Below are some entries; report how many of their lines contain the word "Plus", giving nothing besides the number.

++++ INPUT

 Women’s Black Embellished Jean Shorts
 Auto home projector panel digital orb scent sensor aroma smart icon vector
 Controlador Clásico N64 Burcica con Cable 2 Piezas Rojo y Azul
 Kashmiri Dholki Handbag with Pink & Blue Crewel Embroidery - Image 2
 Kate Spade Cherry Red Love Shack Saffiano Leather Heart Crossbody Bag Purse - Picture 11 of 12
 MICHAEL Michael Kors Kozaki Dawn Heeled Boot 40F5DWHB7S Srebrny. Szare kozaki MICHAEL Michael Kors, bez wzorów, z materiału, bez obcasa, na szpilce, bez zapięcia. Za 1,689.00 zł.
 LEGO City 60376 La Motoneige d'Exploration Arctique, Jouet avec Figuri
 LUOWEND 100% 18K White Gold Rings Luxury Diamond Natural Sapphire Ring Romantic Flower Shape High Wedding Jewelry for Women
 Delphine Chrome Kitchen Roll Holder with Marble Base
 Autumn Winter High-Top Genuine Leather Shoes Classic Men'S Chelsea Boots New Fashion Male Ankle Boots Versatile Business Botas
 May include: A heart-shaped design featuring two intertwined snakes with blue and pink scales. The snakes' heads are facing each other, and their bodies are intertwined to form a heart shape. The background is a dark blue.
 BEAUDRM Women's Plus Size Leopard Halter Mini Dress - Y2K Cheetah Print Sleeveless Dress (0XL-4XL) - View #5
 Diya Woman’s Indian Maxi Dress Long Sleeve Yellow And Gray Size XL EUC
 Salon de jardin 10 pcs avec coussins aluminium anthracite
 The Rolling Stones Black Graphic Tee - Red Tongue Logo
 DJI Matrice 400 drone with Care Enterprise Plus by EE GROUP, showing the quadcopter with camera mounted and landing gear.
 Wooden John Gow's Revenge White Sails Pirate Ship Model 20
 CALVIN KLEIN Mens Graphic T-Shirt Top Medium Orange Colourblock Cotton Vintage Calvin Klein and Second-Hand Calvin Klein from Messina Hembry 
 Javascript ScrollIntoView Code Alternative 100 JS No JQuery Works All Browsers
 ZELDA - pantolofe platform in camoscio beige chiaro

++++++++

WRITTEN ANSWER:
2